--- DATA Enclosed Below ---

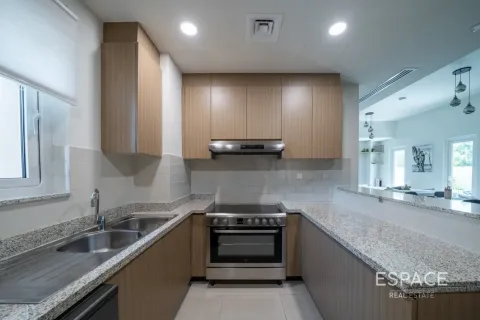 Villa en Dubai Land, Dubai, 2 dormitorios, 172 m², № 122268 - foto 16
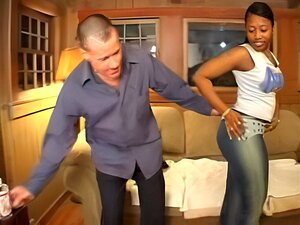 Cherokee se présente chez lui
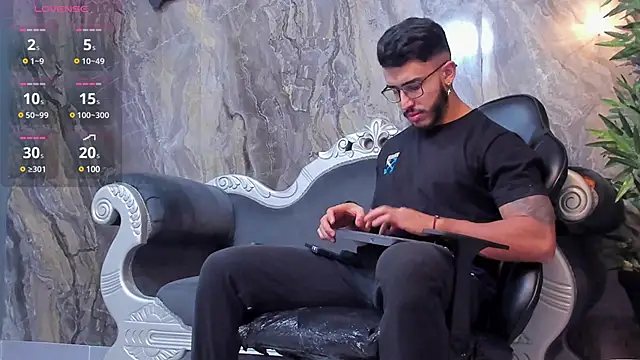 Liam Kleiin online show from February 1, 2025, 11:32 am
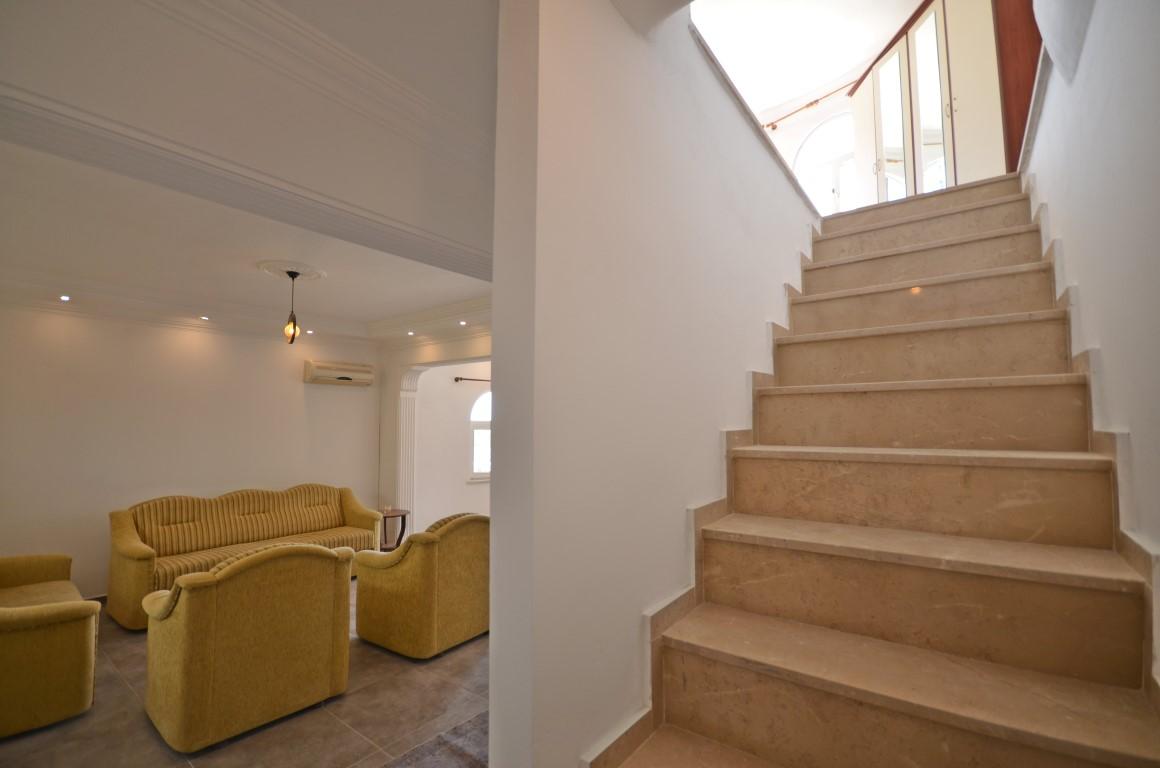 MAY2380 - Photo 19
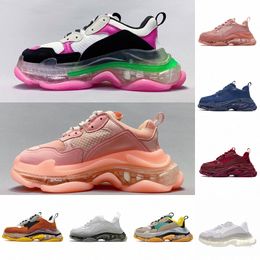 Men Women Triple S Casual shoes 17FW Sneakers Letter Black Cream Red Dad Platform Ladies Casual Trainers Paris Crystal Bottom Clear With Box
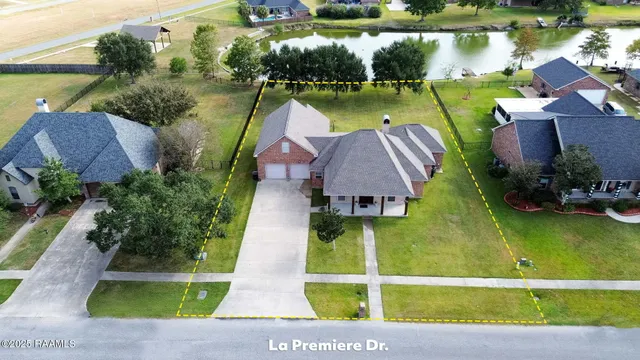 $490,000 | 5105 La Premiere Drive, Maurice, LA 70555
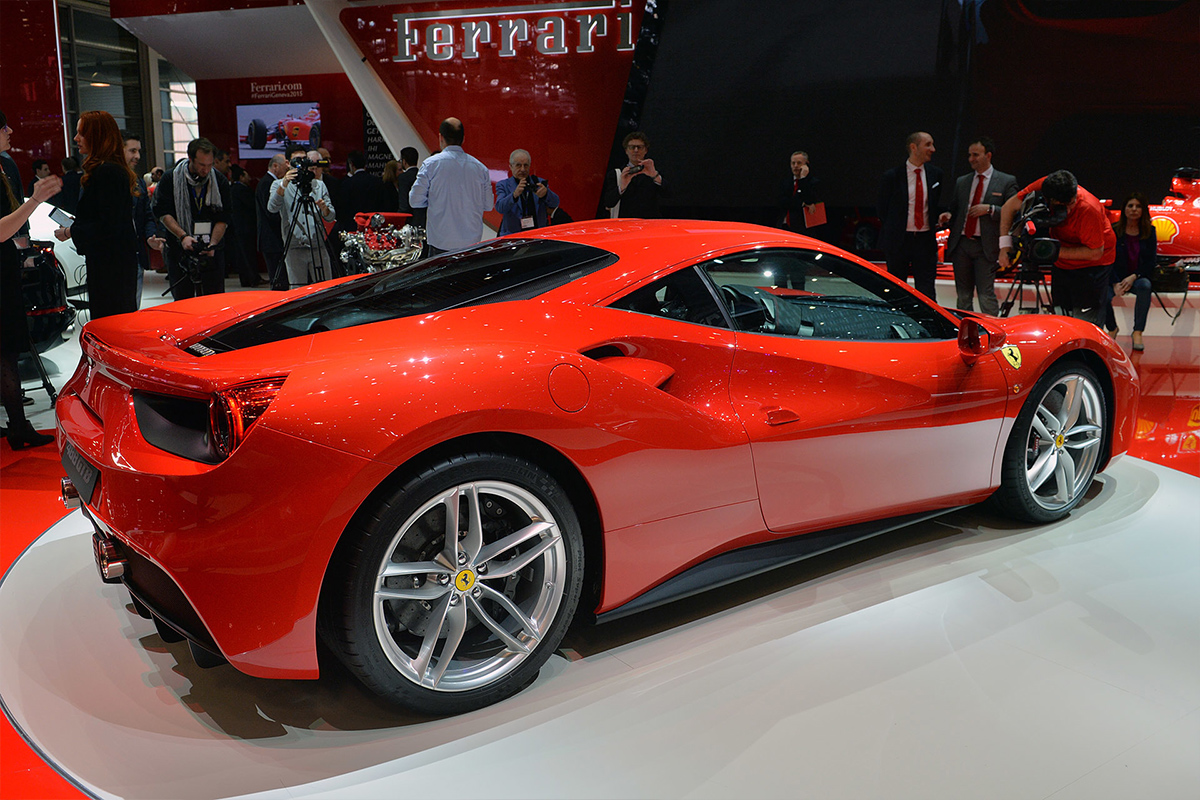 Спорткар Ferrari 488 GTB получил 670-сильный мотор :: Autonews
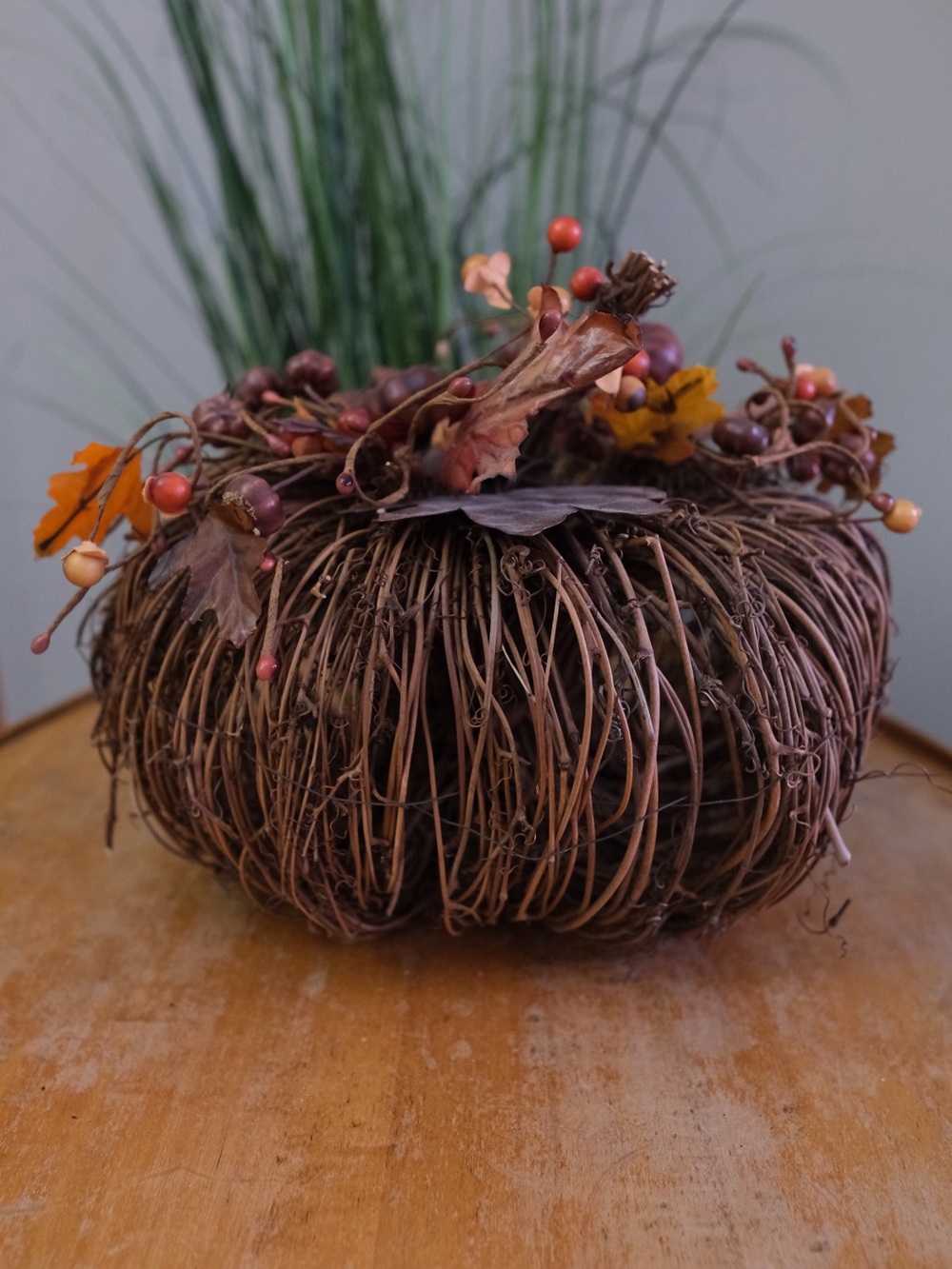 Rustic Grapevine Pumpkin Fall Harvest Centrepiece - Picture 3 of 10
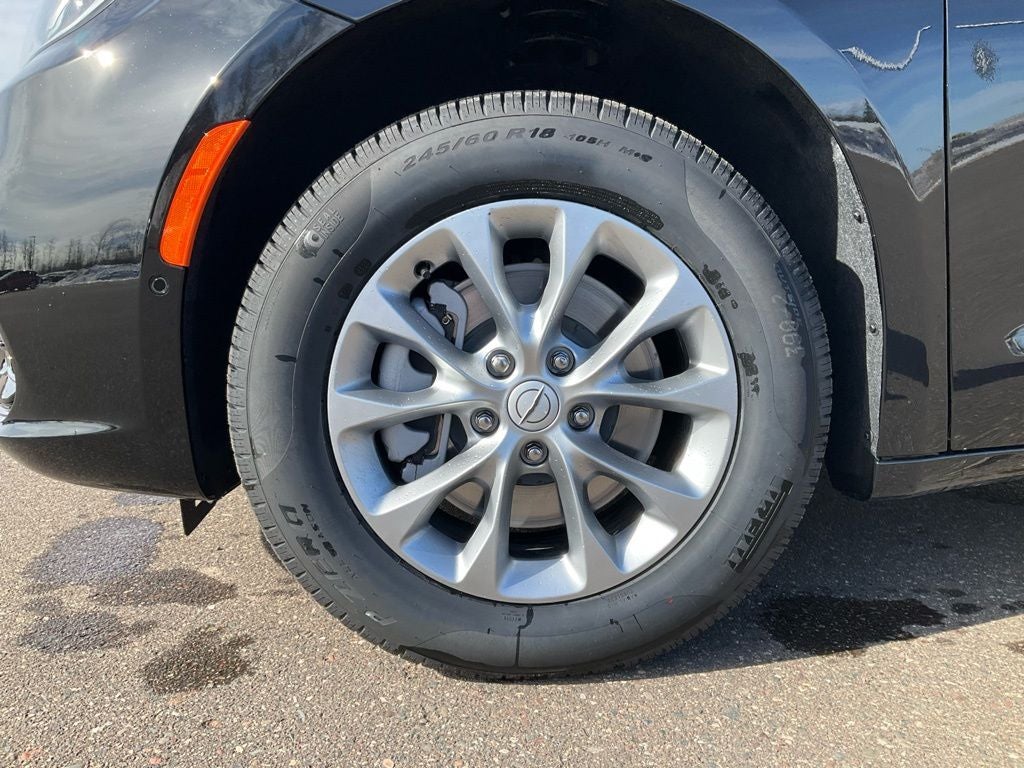 2026 Chrysler Pacifica PACIFICA SELECT AWD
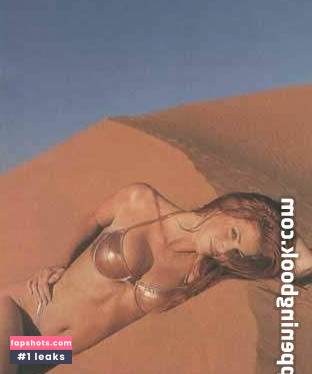 Angie Everhart gallery photo #12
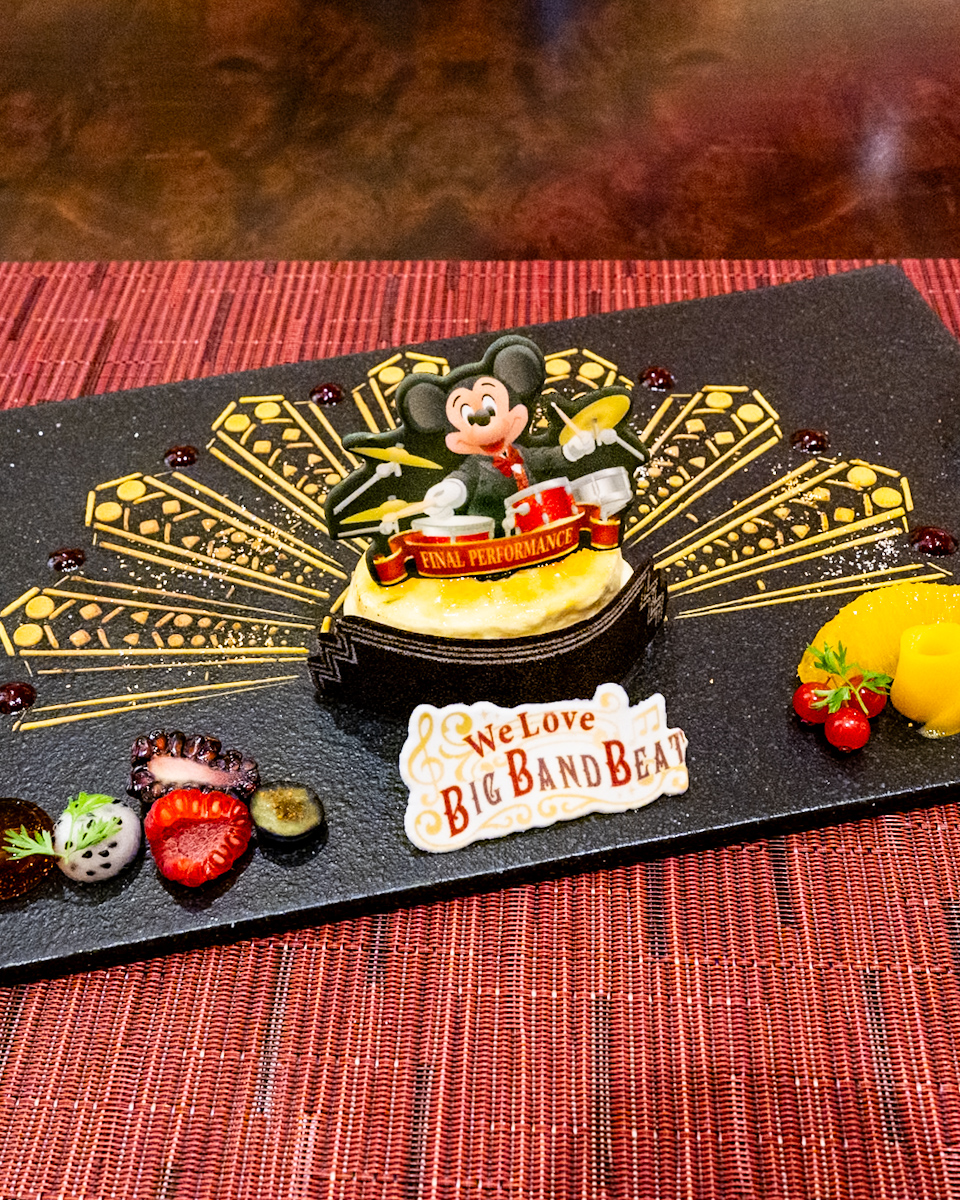 パイナップルのクレームブリュレ　フロマージュブランアイスミルク
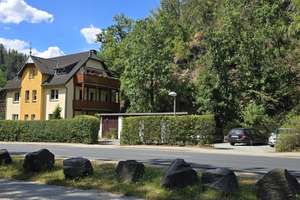 Investieren mit Weitblick – Solides Mehrfamilienhaus in idyllischer Lage von Leutenberg – Die vollständige Adresse der Immobilie erhältst du vom Anbieter., 7338 Leutenberg – Vorschaubild 1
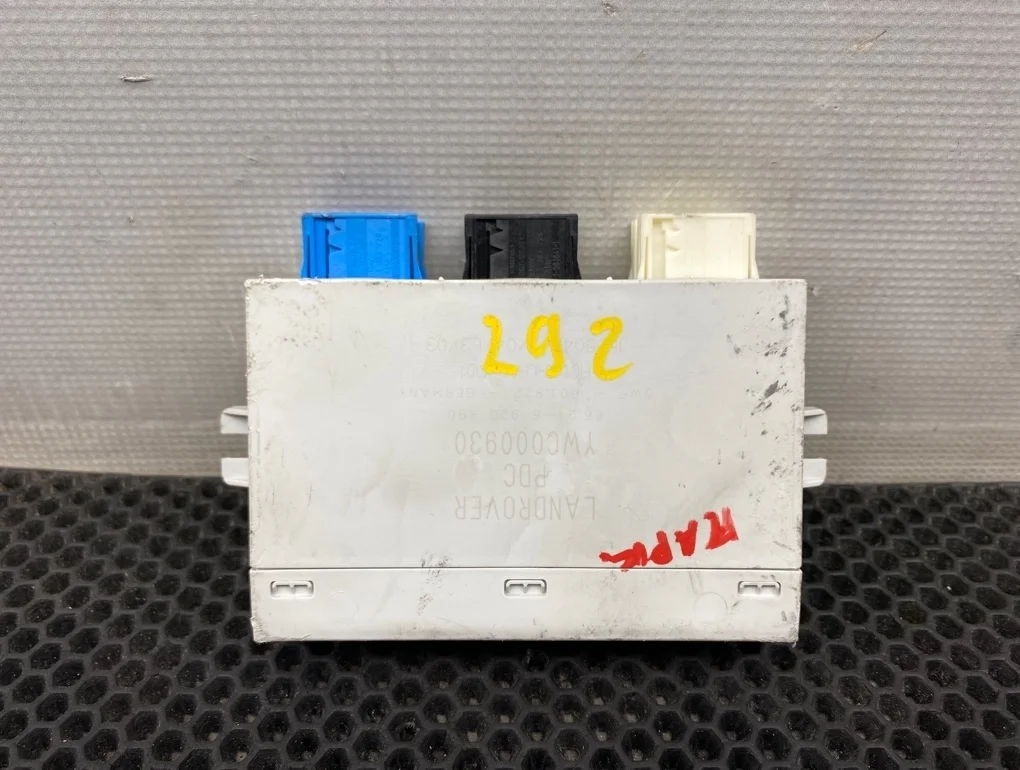 Блок парктроника Land Rover Range Rover 2004 YWC000930 L322 M62B44 4.4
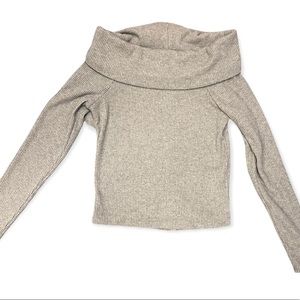 Grey off the shoulder Abercrombie top.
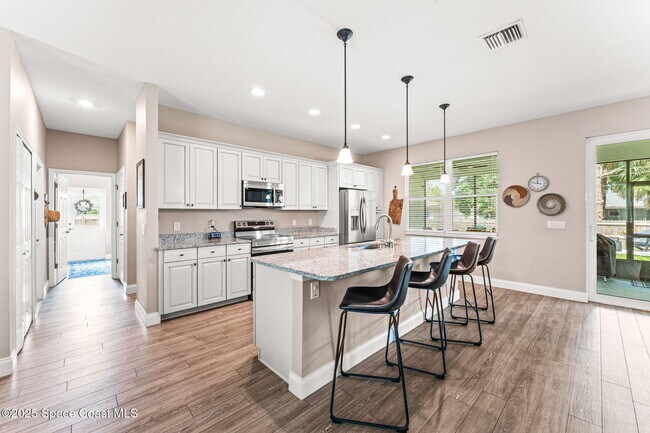 Foto del edificio - 1641 Earlham Ave NW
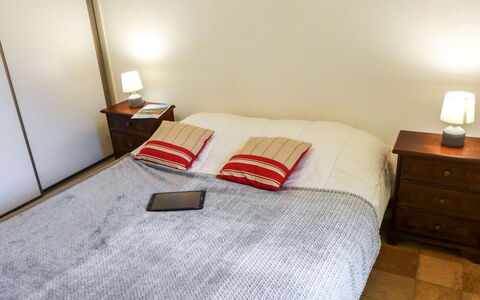 L'Univers: Möbel, Eigentum, Komfort, Holz, Textil, Beleuchtung, Lampe, Interior Design, Schatten, Bettrahmen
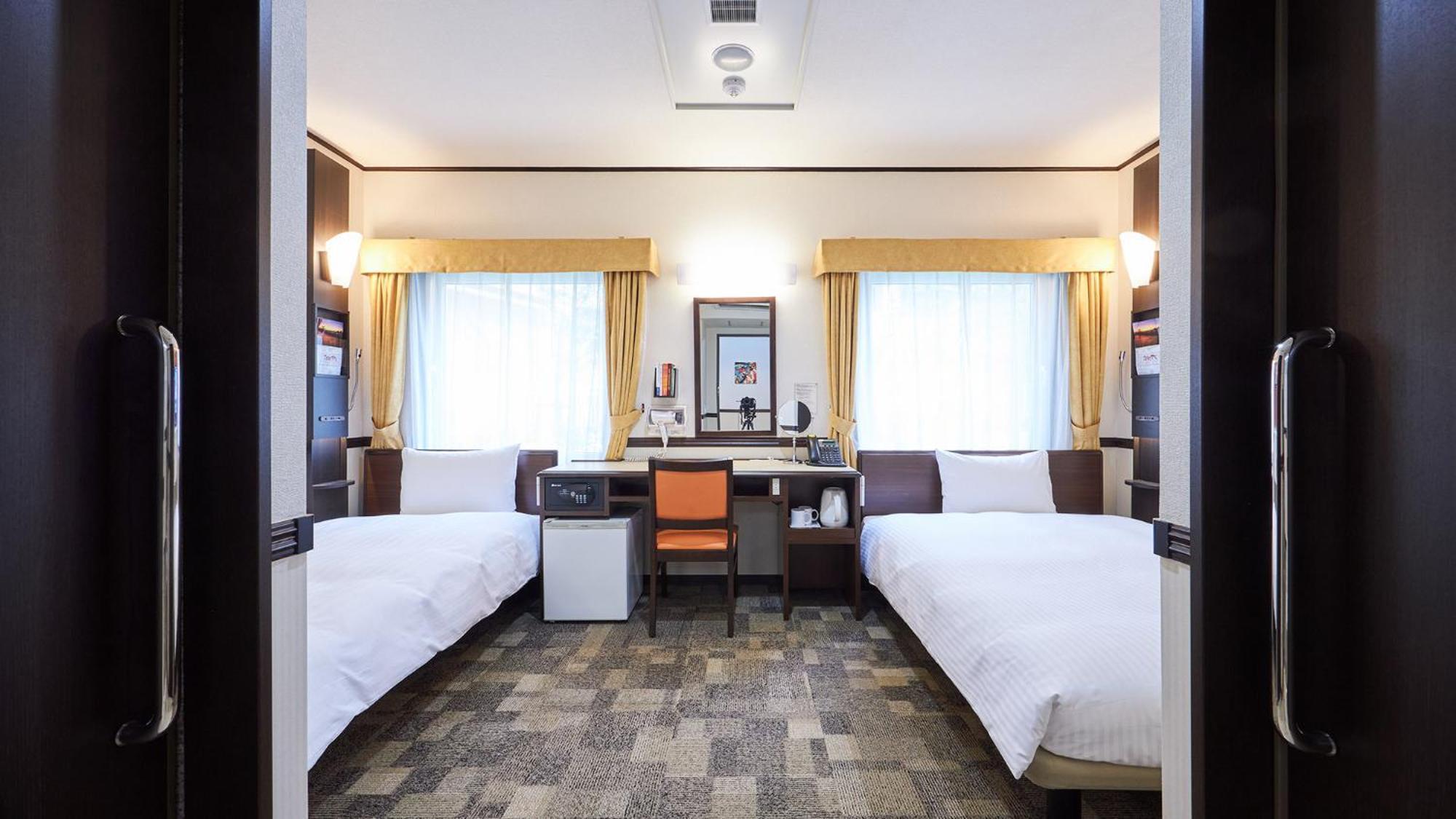 Toyoko Inn Tsu Eki Nishi Guchi Екстериор снимка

--- End of Enclosed DATA ---

TASK: Set down all the entries exactly as they appear, but skip any pictures.

RESPONSE TO THE TASK:
 Villa en Dubai Land, Dubai, 2 dormitorios, 172 m², № 122268 - foto 16
 Cherokee se présente chez lui
 Liam Kleiin online show from February 1, 2025, 11:32 am
 MAY2380 - Photo 19
 Men Women Triple S Casual shoes 17FW Sneakers Letter Black Cream Red Dad Platform Ladies Casual Trainers Paris Crystal Bottom Clear With Box
 $490,000 | 5105 La Premiere Drive, Maurice, LA 70555
 Спорткар Ferrari 488 GTB получил 670-сильный мотор :: Autonews
 Rustic Grapevine Pumpkin Fall Harvest Centrepiece - Picture 3 of 10
 2026 Chrysler Pacifica PACIFICA SELECT AWD
 Angie Everhart gallery photo #12
 パイナップルのクレームブリュレ　フロマージュブランアイスミルク
 Investieren mit Weitblick – Solides Mehrfamilienhaus in idyllischer Lage von Leutenberg – Die vollständige Adresse der Immobilie erhältst du vom Anbieter., 7338 Leutenberg – Vorschaubild 1
 Блок парктроника Land Rover Range Rover 2004 YWC000930 L322 M62B44 4.4
 Grey off the shoulder Abercrombie top.
 Foto del edificio - 1641 Earlham Ave NW
 L'Univers: Möbel, Eigentum, Komfort, Holz, Textil, Beleuchtung, Lampe, Interior Design, Schatten, Bettrahmen
 Toyoko Inn Tsu Eki Nishi Guchi Екстериор снимка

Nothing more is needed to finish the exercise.